▶ Problem details
Retype, word for word, every line from the one holding "Old Yellow River Wetlands Adventures" through the one holding "Big Fat Llama Chardonnay" in the entries below, both included, and only those lines.
*** Supplied data ***
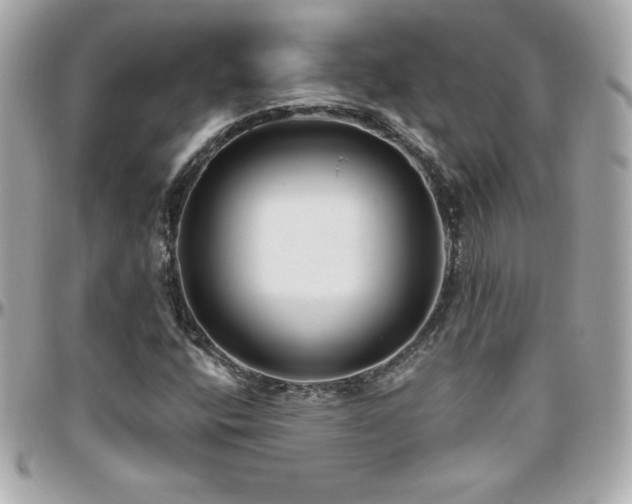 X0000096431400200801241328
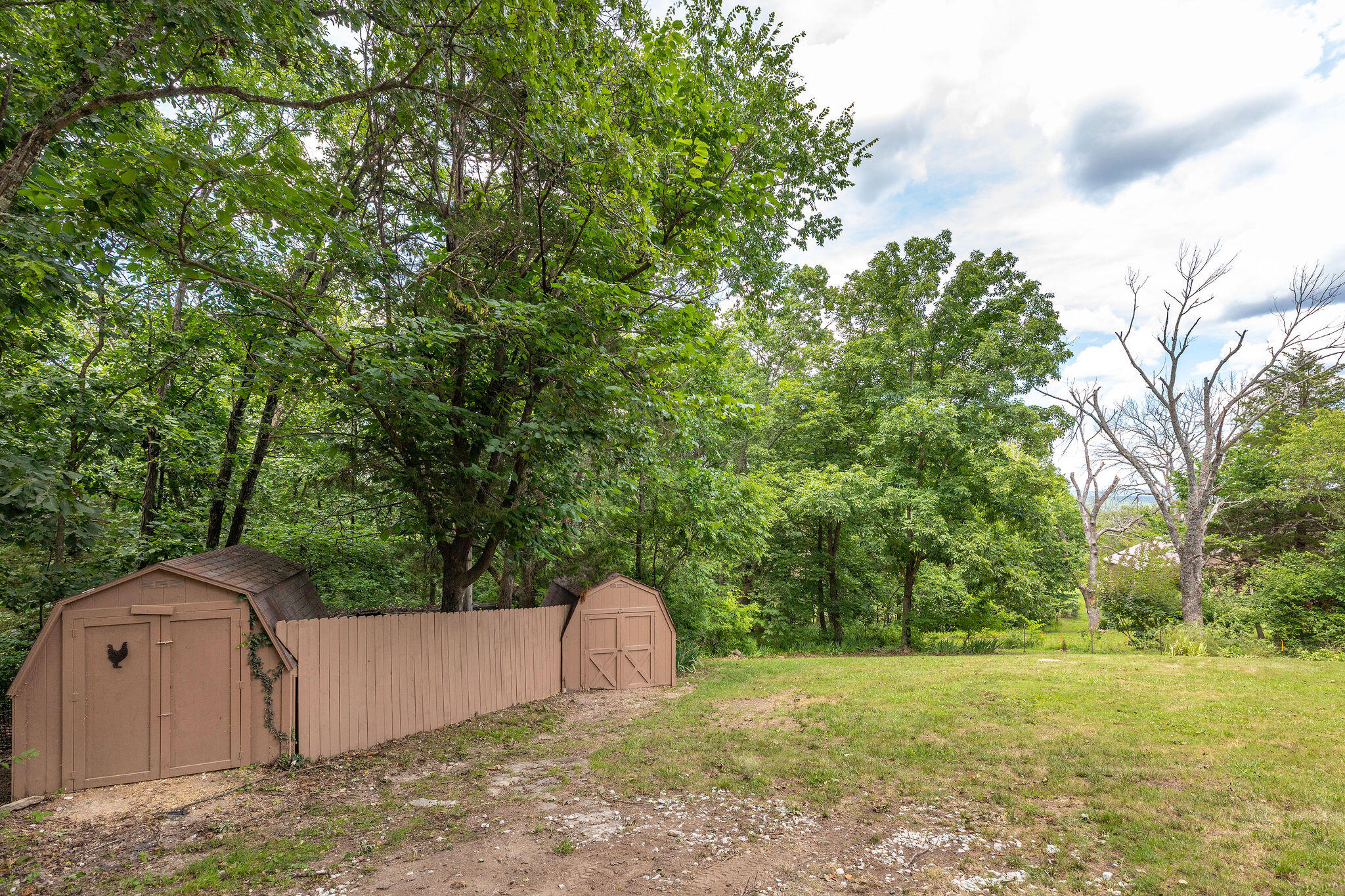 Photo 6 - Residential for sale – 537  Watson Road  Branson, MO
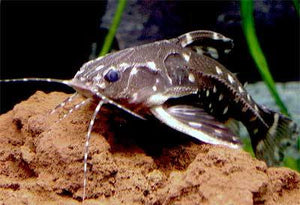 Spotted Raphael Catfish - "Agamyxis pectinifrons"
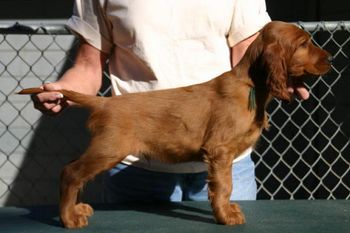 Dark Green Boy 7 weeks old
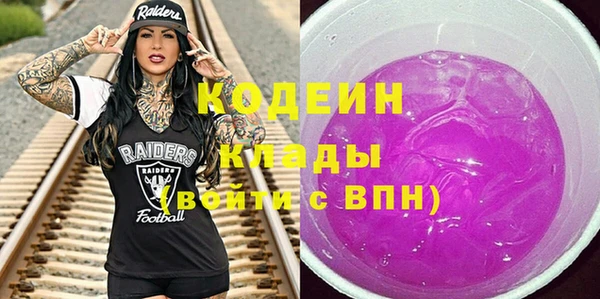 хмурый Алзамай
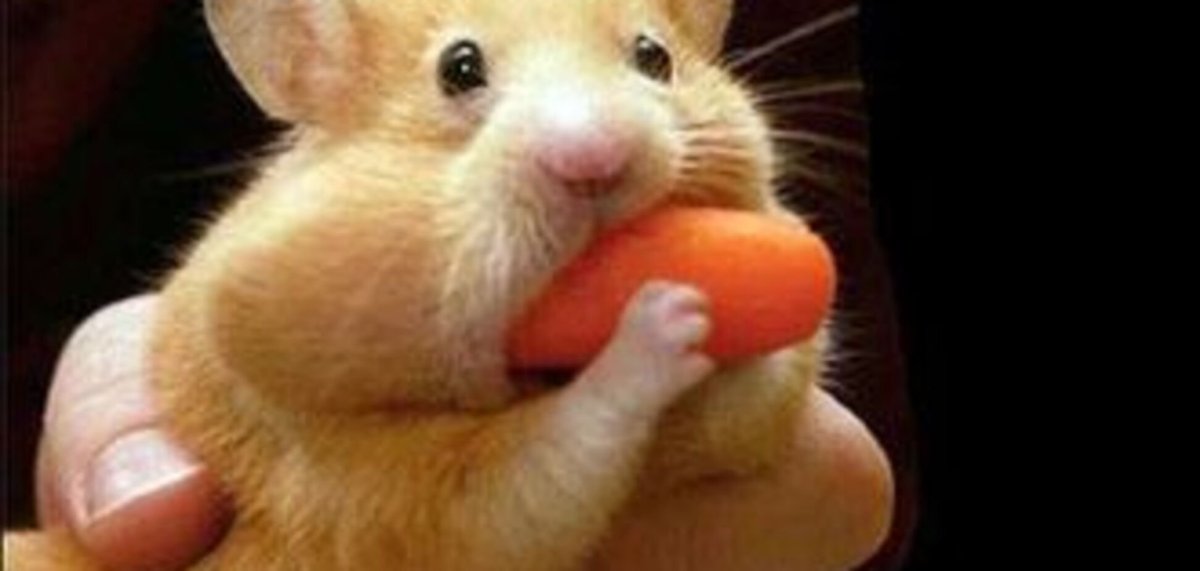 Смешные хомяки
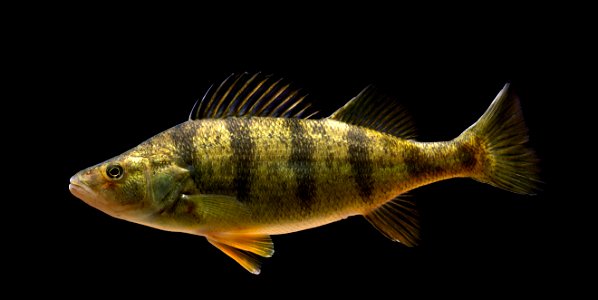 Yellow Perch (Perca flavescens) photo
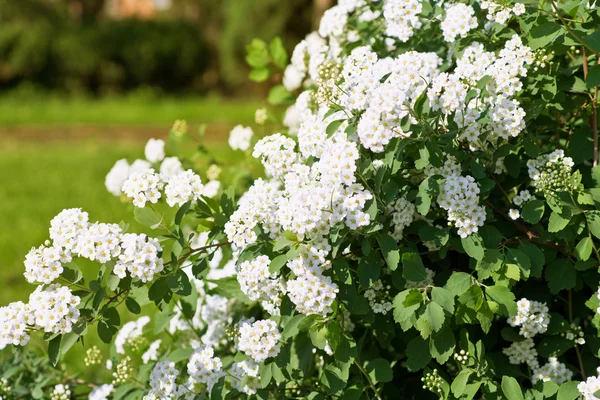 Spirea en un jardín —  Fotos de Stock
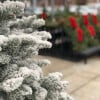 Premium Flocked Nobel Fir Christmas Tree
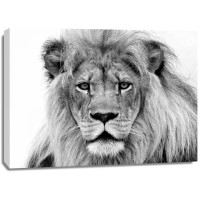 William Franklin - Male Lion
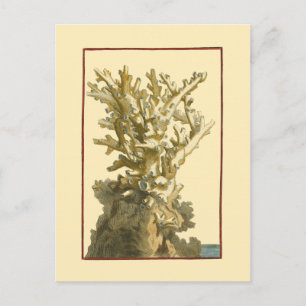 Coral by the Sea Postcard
***
*** Supplied data ***
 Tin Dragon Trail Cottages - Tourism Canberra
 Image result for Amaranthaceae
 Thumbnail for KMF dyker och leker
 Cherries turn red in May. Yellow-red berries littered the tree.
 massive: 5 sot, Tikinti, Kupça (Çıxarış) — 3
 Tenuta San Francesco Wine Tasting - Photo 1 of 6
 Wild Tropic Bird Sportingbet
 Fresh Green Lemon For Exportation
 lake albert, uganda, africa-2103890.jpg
***
*** Supplied data ***
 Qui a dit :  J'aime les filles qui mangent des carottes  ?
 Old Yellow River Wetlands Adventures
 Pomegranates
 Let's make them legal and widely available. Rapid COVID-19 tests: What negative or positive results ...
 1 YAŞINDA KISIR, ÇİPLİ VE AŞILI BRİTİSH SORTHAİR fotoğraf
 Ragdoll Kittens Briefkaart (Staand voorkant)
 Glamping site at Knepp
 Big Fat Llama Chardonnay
***
▶ Response
 Old Yellow River Wetlands Adventures
 Pomegranates
 Let's make them legal and widely available. Rapid COVID-19 tests: What negative or positive results ...
 1 YAŞINDA KISIR, ÇİPLİ VE AŞILI BRİTİSH SORTHAİR fotoğraf
 Ragdoll Kittens Briefkaart (Staand voorkant)
 Glamping site at Knepp
 Big Fat Llama Chardonnay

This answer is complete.